The 2018 AHA/ACC Guideline on the Management of Blood Cholesterol was released on 10th November at AHA 2018 conference in Chicago. 

More detailed risk assessments are among the biggest changes in the update, with the aim of individualising risk status by combining these investigations with clinician-patient risk discussion before starting statin therapy.

The guideline includes the evaluation of risk-enhancing factors whose presence help to confirm a higher risk state. Identification of these factors can help further inform decision making to initiate or intensify statin therapy. A risk discussion considering these enhancers may be useful for some patients to identify factors influencing individual risk beyond that of the 10-year ASCVD risk prediction tool applied to the general population.

Risk enhancers include:

  • co-morbid conditions such as chronic kidney disease, metabolic syndrome, inflammatory diseases (especially rheumatoid arthritis, psoriasis, HIV) and conditions specific to women (e.g. pre-eclampsia and premature menopause)
  • Ethnicity (e.g. South Asian ancestry)
  • Lipid/biomarkers such as persistently elevated triglycerides, hs-CRP, Lp(a), apoB and Ankle-Brachial Index

The American guidelines also emphasize that high cholesterol at any age can increase lifetime risk for heart disease and stroke. A heart healthy lifestyle starting in younger individuals can reduce the development of ASCVD risk factors.

New recommendations for the role of coronary artery calcium scoring (CAC) are also included.  Testing can be considered in adults where a decision about statin therapy is uncertain and additional information is needed to clarify ASCVD risk. A CAC of zero lowers risk and statin therapy may be avoided or delayed on the provision that high-risk behaviours or characteristics are not present such as smoking, diabetes or family history. A positive CAC will further inform the decision to initiate statin therapy.

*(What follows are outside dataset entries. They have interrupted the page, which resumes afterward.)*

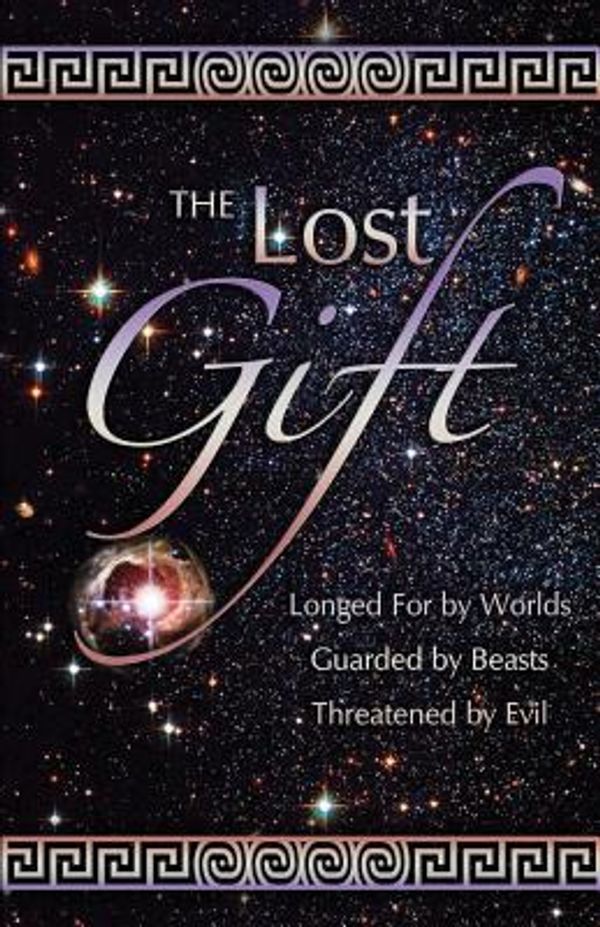 Cover Art for 9781449994884, The Lost GiftLonged for by Worlds, Gaurded by Beasts, Threat... by Carolyn Adams Hanchett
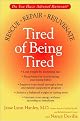 Tired of Being Tired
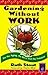 Gardening Without Work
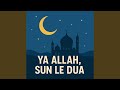 Ya Allah Sun Le Dua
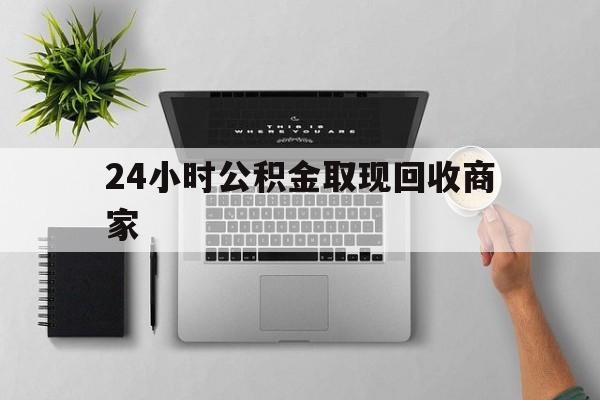 最新24小时公积金取现回收商家方法分析(最方便真实的那曲公积金取现需要多少手续费方法)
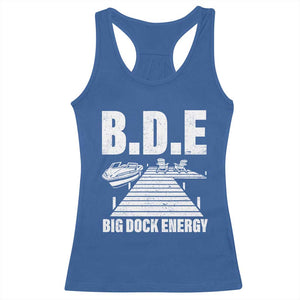 Funny BDE Big Dock Energy Racerback Tank Top Lake And Boating Lover TS11 Royal Blue Print Your Wear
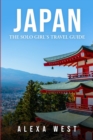 Japan : The Solo Girl's Travel Guide - Book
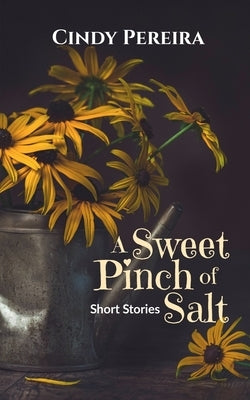 A Sweet Pinch of Salt by Pereira, Cindy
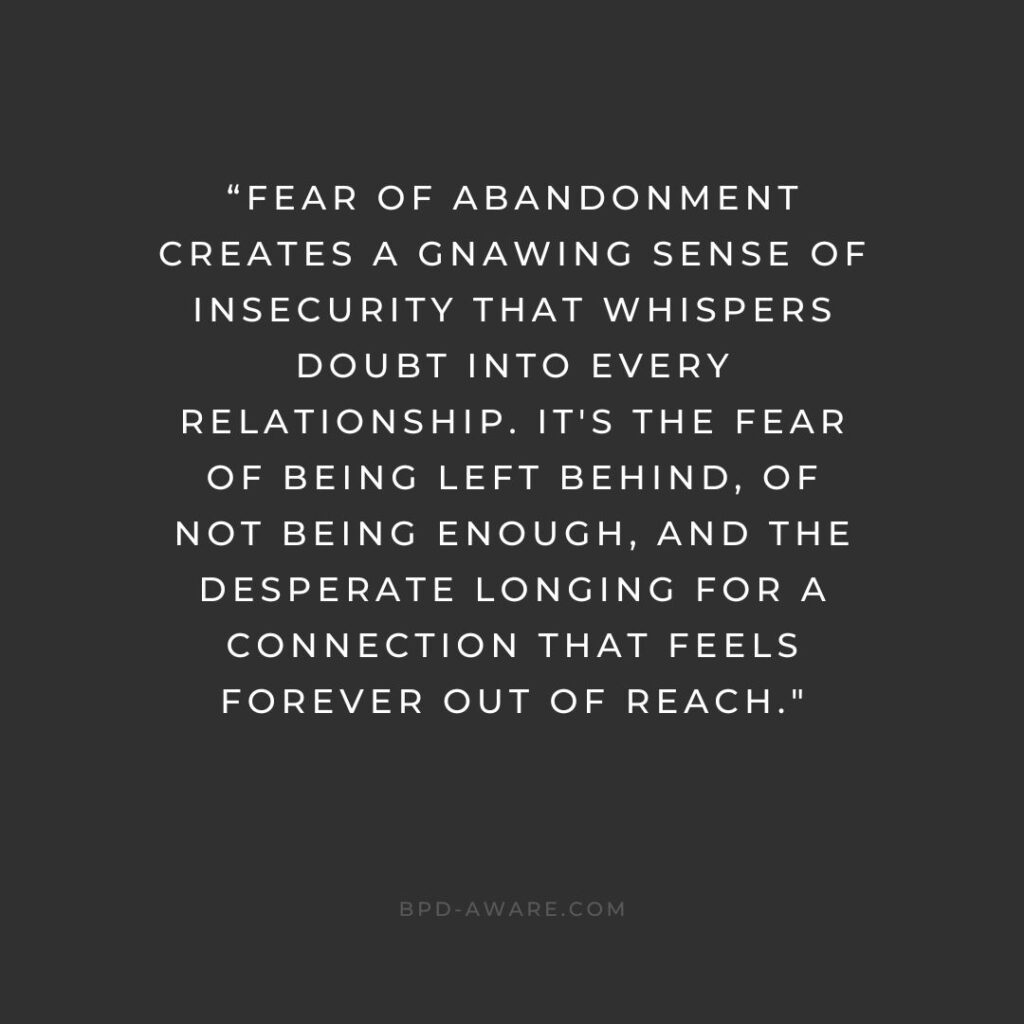 A quote about having a fear of abandonment.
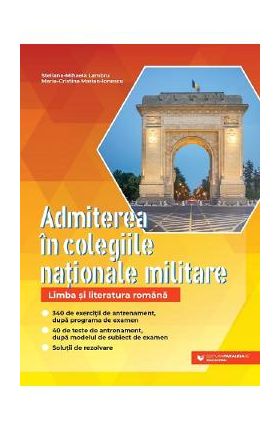 Admiterea in colegiile nationale militare. Limba si literatura romana - Steliana-Mihaela Lambru, Maria-Cristina Marian-Ionescu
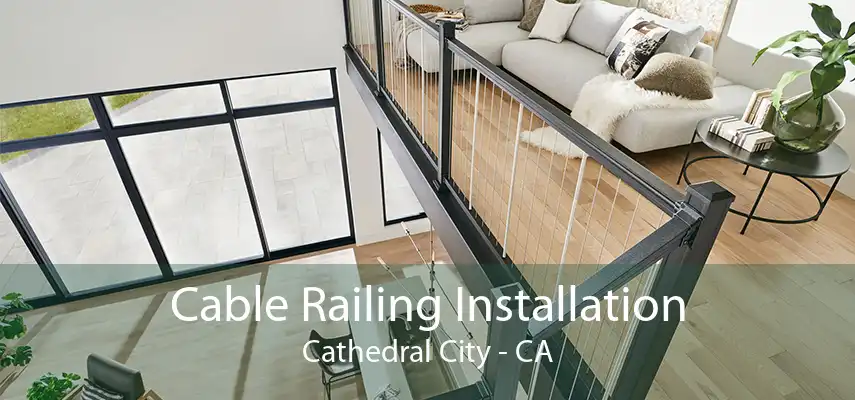 Cable Railing Installation Cathedral City - CA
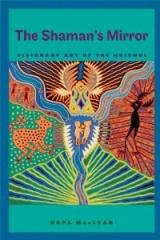 THE SHAMAN'S MIRROR "VISIONARY ART OF THE HUICHOL"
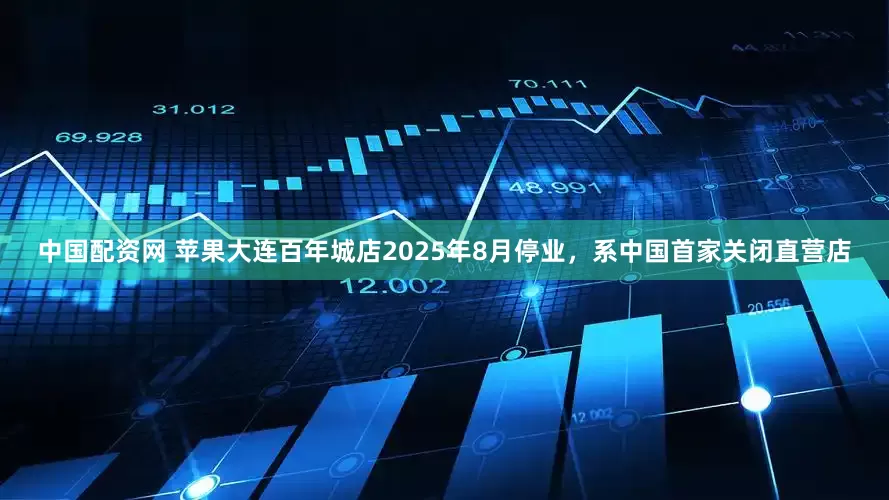 中国配资网 苹果大连百年城店2025年8月停业，系中国首家关闭直营店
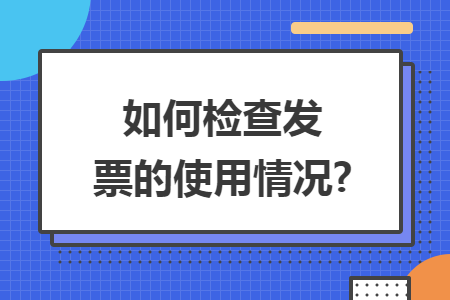 如何检查发票的使用情况?
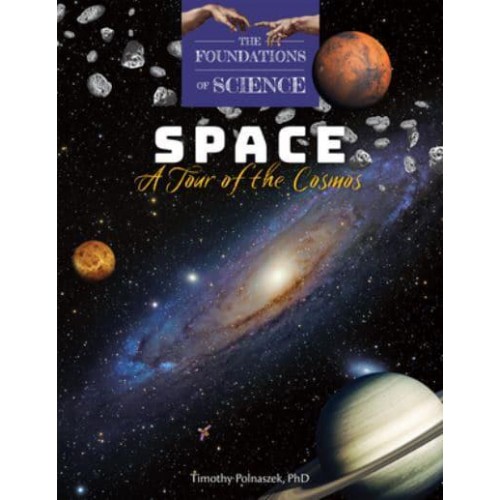 Space A Tour of the Cosmos - The Foundations of Science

What’s different for treatment thresholds and drug treatments?

The Australian Guidelines for the management of Absolute cardiovascular disease risk (2012) define a group of patients entitled ‘clinically determined high risk’ – those in whom lipid lowering therapy is recommended without a need to calculate absolute risk. The 2018 American guidelines have effectively broadened this category, and thus treatment with statins, by the inclusion of the following criteria:

  • Severe primary hypercholesterolemia (defined as serum cholesterol ≥ 4.9mmol/L) - in Australia, this group is defined as serum cholesterol >7.5 mmol/L
  • Patients 40 to 75 years of age with diabetes mellitus - in Australia, this group is limited to diabetes and age >60 years

Ezetimibe and PCSK9 inhibitor use are now supported by randomised controlled trial evidence. In the American guidelines, their use is limited mainly to secondary prevention in patients at very high risk of new ASCVD events. They are also recommended in severe primary hypercholesterolaemia where low density lipoprotein- cholesterol is still high despite statin therapy.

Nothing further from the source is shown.